Let's allocate the device memory information and setup the device
memory address space. Expose the maximum ramsize via diag260. The RAM
size returned via SCLP is not modified. Guest OSs which support
virtio-mem are expected to consult diag260.

Signed-off-by: David Hildenbrand <david@redhat.com>
---
 hw/s390x/s390-virtio-ccw.c         | 43 ++++++++++++++++++++++++++++++
 hw/s390x/sclp.c                    |  3 ++-
 include/hw/s390x/s390-virtio-ccw.h |  3 +++
 target/s390x/diag.c                | 10 +++++--
 4 files changed, 56 insertions(+), 3 deletions(-)

diff --git a/hw/s390x/s390-virtio-ccw.c b/hw/s390x/s390-virtio-ccw.c
index 2e6d292c23..577590e623 100644
--- a/hw/s390x/s390-virtio-ccw.c
+++ b/hw/s390x/s390-virtio-ccw.c
@@ -160,6 +160,35 @@ static void virtio_ccw_register_hcalls(void)
                                    virtio_ccw_hcall_early_printk);
 }
 
+static void s390_device_memory_init(MachineState *machine)
+{
+    MemoryRegion *sysmem = get_system_memory();
+
+    machine->device_memory = g_malloc0(sizeof(*machine->device_memory));
+
+    /* initialize device memory address space */
+    if (machine->ram_size < machine->maxram_size) {
+        ram_addr_t device_mem_size = machine->maxram_size - machine->ram_size;
+
+        if (QEMU_ALIGN_UP(machine->maxram_size, MiB) != machine->maxram_size) {
+            error_report("maximum memory size must by aligned to 1 MB");
+            exit(EXIT_FAILURE);
+        }
+
+        machine->device_memory->base = machine->ram_size;
+        if (machine->device_memory->base + device_mem_size < device_mem_size) {
+            error_report("unsupported amount of maximum memory: " RAM_ADDR_FMT,
+                         machine->maxram_size);
+            exit(EXIT_FAILURE);
+        }
+
+        memory_region_init(&machine->device_memory->mr, OBJECT(machine),
+                           "device-memory", device_mem_size);
+        memory_region_add_subregion(sysmem, machine->device_memory->base,
+                                    &machine->device_memory->mr);
+    }
+}
+
 static void s390_memory_init(MachineState *machine)
 {
     MemoryRegion *sysmem = get_system_memory();
@@ -194,6 +223,11 @@ static void s390_memory_init(MachineState *machine)
     s390_skeys_init();
     /* Initialize storage attributes device */
     s390_stattrib_init();
+
+    /* Support for memory devices is glued to compat machines. */
+    if (memory_devices_allowed()) {
+        s390_device_memory_init(machine);
+    }
 }
 
 static void s390_init_ipl_dev(const char *kernel_filename,
@@ -617,6 +651,7 @@ static void ccw_machine_class_init(ObjectClass *oc, void *data)
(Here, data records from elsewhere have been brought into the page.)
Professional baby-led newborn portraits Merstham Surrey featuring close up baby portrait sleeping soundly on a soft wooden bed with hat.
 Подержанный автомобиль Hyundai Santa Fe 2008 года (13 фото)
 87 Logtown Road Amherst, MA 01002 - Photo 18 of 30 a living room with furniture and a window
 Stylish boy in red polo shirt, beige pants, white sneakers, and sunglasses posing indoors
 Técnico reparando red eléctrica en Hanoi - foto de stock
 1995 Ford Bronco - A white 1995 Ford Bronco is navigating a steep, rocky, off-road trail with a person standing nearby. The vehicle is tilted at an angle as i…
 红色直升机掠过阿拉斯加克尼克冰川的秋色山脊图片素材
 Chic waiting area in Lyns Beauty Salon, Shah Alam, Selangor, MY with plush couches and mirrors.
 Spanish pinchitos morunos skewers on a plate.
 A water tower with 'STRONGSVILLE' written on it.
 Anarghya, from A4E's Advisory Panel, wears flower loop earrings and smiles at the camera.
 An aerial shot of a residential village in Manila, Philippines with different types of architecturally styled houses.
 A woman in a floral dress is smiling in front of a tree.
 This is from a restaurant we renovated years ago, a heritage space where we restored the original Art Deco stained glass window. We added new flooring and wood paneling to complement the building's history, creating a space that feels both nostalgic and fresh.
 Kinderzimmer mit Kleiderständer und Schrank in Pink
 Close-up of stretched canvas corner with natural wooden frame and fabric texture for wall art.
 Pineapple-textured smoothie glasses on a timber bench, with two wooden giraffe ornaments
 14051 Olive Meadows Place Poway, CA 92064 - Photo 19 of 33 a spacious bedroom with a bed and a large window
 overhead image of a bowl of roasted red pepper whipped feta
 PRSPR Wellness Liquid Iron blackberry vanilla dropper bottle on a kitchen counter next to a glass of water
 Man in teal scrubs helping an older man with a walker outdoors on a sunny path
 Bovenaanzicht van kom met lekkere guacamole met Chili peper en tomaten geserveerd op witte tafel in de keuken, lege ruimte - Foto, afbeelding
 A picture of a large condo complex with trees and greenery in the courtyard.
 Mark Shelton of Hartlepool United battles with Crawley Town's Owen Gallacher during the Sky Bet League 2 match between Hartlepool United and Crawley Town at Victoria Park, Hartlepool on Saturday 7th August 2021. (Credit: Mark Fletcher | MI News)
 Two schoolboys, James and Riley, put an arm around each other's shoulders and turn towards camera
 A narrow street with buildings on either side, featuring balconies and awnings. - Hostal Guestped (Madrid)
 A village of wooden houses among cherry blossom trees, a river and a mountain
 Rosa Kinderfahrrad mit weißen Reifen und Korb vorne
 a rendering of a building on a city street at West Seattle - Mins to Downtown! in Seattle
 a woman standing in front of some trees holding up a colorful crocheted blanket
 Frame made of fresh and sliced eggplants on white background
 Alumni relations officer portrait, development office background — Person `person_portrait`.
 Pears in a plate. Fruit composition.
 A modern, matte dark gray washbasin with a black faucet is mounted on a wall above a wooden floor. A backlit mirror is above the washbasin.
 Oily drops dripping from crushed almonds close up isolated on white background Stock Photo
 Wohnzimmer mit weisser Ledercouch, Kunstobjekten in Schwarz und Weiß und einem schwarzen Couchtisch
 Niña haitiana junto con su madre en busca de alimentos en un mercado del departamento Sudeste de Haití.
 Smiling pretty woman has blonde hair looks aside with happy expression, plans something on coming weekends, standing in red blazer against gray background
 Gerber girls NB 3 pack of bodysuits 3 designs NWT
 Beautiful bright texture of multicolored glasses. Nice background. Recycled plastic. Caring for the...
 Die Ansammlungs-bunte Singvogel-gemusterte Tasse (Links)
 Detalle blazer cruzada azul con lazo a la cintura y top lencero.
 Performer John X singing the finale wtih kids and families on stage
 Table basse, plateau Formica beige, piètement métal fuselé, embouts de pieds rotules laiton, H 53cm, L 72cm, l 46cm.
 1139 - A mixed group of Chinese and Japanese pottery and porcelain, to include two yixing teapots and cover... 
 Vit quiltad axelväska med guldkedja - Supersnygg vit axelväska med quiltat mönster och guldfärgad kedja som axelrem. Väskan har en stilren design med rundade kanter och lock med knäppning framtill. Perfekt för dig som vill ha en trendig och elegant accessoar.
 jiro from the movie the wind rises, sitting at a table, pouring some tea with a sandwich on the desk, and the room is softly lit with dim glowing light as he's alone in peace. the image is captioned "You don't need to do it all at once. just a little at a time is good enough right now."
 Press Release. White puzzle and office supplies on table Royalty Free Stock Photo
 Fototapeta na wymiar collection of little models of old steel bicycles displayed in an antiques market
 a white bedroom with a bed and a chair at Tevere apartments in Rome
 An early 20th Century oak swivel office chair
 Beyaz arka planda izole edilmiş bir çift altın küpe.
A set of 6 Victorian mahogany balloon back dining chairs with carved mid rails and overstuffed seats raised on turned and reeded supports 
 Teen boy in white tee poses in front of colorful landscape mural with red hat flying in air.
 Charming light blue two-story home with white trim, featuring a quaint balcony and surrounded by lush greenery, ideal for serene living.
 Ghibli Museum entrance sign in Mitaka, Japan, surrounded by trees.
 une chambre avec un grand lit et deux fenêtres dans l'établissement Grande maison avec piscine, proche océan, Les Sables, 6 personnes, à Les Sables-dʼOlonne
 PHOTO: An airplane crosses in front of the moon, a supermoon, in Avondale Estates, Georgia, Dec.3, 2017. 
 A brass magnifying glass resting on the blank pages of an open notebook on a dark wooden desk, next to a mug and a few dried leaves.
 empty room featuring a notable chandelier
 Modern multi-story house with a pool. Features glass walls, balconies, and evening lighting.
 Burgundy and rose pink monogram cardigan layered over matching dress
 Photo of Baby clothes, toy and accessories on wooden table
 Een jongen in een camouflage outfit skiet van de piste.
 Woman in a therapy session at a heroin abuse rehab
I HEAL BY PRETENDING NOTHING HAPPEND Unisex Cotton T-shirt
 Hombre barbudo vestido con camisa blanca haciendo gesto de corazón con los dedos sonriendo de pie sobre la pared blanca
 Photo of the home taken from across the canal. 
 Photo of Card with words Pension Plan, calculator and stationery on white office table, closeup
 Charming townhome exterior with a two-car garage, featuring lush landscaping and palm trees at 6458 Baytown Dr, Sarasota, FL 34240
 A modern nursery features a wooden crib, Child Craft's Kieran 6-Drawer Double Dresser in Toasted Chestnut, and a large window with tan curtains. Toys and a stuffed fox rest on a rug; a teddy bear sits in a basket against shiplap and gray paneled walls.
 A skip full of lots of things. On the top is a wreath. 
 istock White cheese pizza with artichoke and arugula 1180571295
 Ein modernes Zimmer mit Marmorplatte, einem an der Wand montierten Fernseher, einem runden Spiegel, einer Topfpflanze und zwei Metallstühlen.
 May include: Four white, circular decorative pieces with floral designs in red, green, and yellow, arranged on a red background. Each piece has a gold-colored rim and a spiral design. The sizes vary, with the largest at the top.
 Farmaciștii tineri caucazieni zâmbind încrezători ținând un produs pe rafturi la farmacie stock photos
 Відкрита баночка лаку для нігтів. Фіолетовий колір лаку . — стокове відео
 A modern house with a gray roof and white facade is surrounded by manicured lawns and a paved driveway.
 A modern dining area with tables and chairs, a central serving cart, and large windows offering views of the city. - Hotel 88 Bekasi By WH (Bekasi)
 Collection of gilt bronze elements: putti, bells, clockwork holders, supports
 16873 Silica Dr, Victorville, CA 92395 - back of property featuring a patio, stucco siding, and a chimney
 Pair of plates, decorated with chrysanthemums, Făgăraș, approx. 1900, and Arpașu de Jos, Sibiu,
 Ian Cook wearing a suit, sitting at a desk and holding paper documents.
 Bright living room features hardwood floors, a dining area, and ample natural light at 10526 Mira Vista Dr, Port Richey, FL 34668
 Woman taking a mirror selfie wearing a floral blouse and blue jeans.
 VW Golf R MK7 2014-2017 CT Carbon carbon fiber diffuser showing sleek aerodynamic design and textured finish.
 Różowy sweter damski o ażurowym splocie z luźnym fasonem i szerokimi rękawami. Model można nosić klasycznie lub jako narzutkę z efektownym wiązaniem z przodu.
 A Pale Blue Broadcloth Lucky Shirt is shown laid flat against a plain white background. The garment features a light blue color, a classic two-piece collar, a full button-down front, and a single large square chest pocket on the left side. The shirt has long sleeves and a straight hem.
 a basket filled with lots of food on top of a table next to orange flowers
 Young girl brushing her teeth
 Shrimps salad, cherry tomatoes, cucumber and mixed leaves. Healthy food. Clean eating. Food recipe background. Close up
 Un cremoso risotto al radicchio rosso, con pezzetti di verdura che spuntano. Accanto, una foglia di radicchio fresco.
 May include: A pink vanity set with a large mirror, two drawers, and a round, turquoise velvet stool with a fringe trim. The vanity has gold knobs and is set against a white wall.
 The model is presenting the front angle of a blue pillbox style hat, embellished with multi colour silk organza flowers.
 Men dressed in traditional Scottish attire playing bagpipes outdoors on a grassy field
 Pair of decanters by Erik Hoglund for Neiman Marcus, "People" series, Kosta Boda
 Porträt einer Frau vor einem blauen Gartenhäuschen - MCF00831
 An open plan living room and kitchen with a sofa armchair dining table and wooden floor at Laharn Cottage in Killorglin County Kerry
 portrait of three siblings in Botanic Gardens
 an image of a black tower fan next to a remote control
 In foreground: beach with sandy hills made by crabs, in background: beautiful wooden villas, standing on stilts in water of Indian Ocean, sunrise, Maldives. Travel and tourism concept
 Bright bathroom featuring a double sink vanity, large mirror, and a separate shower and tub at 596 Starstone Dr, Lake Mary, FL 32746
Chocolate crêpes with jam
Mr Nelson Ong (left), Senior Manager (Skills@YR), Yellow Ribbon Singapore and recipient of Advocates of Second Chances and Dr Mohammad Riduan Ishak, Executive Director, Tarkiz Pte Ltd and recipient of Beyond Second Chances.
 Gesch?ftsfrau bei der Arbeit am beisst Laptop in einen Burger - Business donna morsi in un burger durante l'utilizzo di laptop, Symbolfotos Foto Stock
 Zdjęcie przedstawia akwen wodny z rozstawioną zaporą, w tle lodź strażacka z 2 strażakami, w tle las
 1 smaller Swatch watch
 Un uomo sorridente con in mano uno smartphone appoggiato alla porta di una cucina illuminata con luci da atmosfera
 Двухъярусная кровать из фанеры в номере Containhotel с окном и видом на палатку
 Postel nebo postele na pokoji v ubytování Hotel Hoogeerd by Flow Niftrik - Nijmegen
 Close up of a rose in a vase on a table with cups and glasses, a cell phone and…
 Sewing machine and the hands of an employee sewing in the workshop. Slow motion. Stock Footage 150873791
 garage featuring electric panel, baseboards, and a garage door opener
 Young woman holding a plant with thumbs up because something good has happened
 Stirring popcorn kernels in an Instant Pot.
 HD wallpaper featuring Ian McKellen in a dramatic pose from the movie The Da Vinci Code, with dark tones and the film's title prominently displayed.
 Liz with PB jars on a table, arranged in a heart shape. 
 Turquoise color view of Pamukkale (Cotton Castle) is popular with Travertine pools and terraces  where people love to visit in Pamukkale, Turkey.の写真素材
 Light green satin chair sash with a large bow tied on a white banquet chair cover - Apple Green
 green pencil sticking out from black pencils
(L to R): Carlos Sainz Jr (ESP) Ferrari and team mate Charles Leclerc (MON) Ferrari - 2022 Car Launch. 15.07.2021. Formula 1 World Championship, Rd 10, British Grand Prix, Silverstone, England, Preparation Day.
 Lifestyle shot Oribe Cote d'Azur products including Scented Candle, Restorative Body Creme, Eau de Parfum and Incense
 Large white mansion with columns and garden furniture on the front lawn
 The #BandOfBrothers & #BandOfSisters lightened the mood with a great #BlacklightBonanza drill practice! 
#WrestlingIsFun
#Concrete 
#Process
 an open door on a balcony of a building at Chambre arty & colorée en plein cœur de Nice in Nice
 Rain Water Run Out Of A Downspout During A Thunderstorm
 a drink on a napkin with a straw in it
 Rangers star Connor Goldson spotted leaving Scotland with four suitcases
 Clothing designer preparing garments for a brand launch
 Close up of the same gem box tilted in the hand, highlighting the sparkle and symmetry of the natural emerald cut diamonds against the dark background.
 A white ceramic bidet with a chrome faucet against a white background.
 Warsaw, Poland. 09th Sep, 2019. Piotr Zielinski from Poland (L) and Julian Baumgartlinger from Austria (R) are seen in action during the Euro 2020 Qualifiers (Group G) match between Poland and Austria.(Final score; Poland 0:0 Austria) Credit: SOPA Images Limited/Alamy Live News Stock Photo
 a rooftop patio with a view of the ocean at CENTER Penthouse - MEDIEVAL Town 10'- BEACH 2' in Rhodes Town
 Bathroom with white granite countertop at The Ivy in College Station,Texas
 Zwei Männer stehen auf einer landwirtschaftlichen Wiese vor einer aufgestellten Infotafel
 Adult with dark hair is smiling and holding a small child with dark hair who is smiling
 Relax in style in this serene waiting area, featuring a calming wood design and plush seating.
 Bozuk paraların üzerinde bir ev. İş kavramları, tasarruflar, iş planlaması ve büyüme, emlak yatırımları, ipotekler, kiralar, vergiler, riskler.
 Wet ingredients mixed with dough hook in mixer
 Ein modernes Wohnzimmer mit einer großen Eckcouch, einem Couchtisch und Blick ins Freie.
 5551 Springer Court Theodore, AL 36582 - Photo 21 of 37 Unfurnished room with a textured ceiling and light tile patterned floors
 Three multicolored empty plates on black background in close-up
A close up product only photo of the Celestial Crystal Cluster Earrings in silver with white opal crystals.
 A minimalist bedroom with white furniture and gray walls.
     s390mc->cpu_model_allowed = true;
     s390mc->css_migration_enabled = true;
     s390mc->hpage_1m_allowed = true;
+    s390mc->memory_devices_allowed = true;
     mc->init = ccw_init;
     mc->reset = s390_machine_reset;
     mc->hot_add_cpu = s390_hot_add_cpu;
@@ -713,6 +748,11 @@ bool hpage_1m_allowed(void)
     return get_machine_class()->hpage_1m_allowed;
 }
 
+bool memory_devices_allowed(void)
+{
+    return get_machine_class()->memory_devices_allowed;
+}
+
 static char *machine_get_loadparm(Object *obj, Error **errp)
 {
     S390CcwMachineState *ms = S390_CCW_MACHINE(obj);
@@ -831,8 +871,11 @@ static void ccw_machine_5_0_instance_options(MachineState *machine)
 
 static void ccw_machine_5_0_class_options(MachineClass *mc)
 {
+    S390CcwMachineClass *s390mc = S390_MACHINE_CLASS(mc);
+
     ccw_machine_5_1_class_options(mc);
     compat_props_add(mc->compat_props, hw_compat_5_0, hw_compat_5_0_len);
+    s390mc->memory_devices_allowed = false;
 }
 DEFINE_CCW_MACHINE(5_0, "5.0", false);
 
diff --git a/hw/s390x/sclp.c b/hw/s390x/sclp.c
index f59195e15a..972995d928 100644
--- a/hw/s390x/sclp.c
+++ b/hw/s390x/sclp.c
@@ -22,6 +22,7 @@
 #include "hw/s390x/event-facility.h"
 #include "hw/s390x/s390-pci-bus.h"
 #include "hw/s390x/ipl.h"
+#include "hw/s390x/s390-virtio-ccw.h"
 
 static inline SCLPDevice *get_sclp_device(void)
 {
@@ -110,7 +111,7 @@ static void read_SCP_info(SCLPDevice *sclp, SCCB *sccb)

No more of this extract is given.